Mukunga v Republic [2024] KEHC 5506 (KLR) | Obtaining By False Pretence | Esheria

Mukunga v Republic [2024] KEHC 5506 (KLR)

Full Case Text

Mukunga v Republic (Criminal Appeal E007 of 2023) [2024] KEHC 5506 (KLR) (17 May 2024) (Judgment)

Neutral citation: [2024] KEHC 5506 (KLR)

Republic of Kenya

In the High Court at Kakamega

Criminal Appeal E007 of 2023

PJO Otieno, J

May 17, 2024

Between

Samson Maina Mukunga

Appellant

and

Republic

Respondent

(Being an appeal from the conviction and sentencing of Hon. Dolphina Alego (SPM) in Kakamega Criminal Case No. 294 of 2016 dated 30th January, 2023)

Judgment

1. The Appellant was arraigned before the Senior Principal Magistrate at Kakamega in Criminal Case No. 294 of 2016, charged with the offence of obtaining money by false pretence contrary to section 313 of the Penal Code.

2. The particulars of the offence were given that on the 5th day of August, 2015 at Kakamega Township within Kakamega County, the Appellant with the intent to defraud obtained cash of Kshs. 870,000/ from Fridah Chimoli Mushila by falsely pretending that he was in a position to sell her a piece of land known as Butsotso/Ingotse/1631 a fact he knew was false.

3. The appellant pleaded not guilty to the charge and the case proceeded to full trial with the prosecution calling a total of six (6) witnesses.

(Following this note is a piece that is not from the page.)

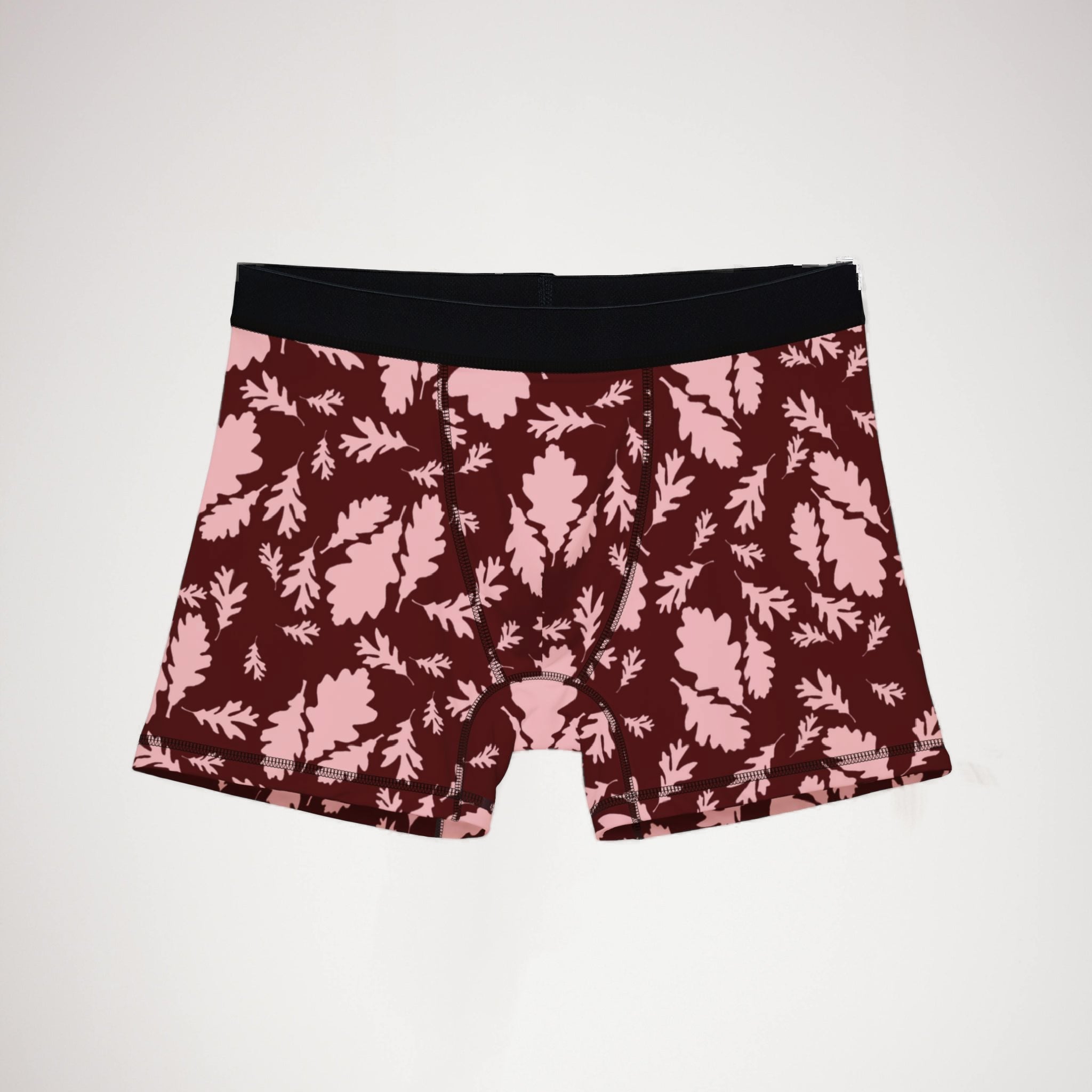 Men's boxers autumn leaves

4. PW1, Fridah Chimishi Mushila, the complainant, gave a sworn testimony and stated that on 5/8/2015 in the company of the Appellant, one Wycliffe, Bernard, Leonard and Cess she went to view the Appellant’s piece of land which he had indicated measured three (3) acres and which he agreed to sell to her at the price of Kshs. 1,350,000/. She then transferred as sum of Kshs. 800,000/ and gave him cash of Kshs. 70,000/ on the agreement and understanding that the remaining balance of Kshs. 480,000/ would be settled within 3 months of her occupation of the land. An agreement to this effect was drawn and executed at an advocate’s office and the parties parted ways thereafter. Thereafter, she tried reaching the Appellant but her calls went unanswered. She was prompted to report the matter to the police. She further stated that the Appellant is in possession of the land and he has refused to return the money she paid.

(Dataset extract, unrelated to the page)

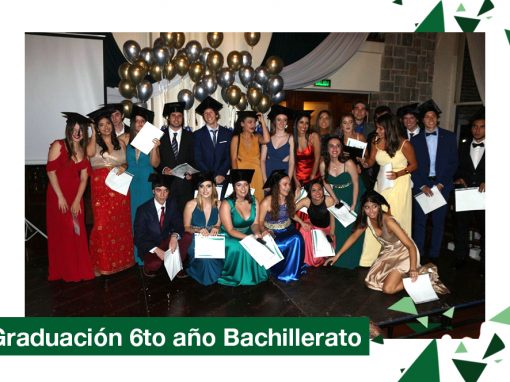 2018: Graduación Bachillerato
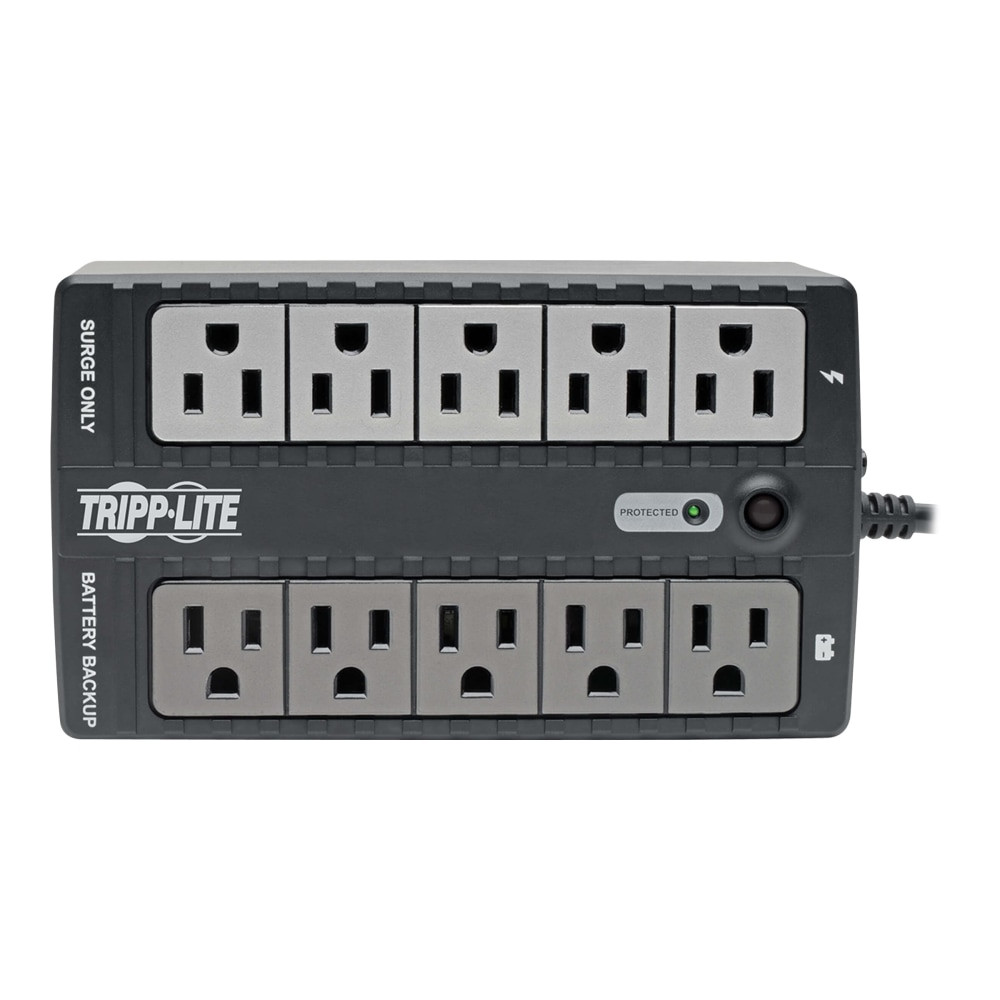 TRIPP LITE INTERNET550U  INTERNET550U 8-Outlet Standby Uninterruptible Power Supply, 550VA/300 Watts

5. On cross examination she stated that before paying for the land she did a search which showed that the Appellant had used the land as security for a loan with AFC and that part of the money that she paid the Appellant was to be used to offset the loan which was in the sum of Kshs. 364,000/. She further stated that when the Appellant got to call her he asked her to address him by way of a letter which she did on 6/11/2015 to which the Appellant responded on 1/16/2016 after she had reported the incident with the police. She further stated that the Appellant sued her for uprooting sugarcane vide Civil Suit No. 38 of 2017 claiming damages in the sum of Kshs. 1,500,000/, an allegation she disputes.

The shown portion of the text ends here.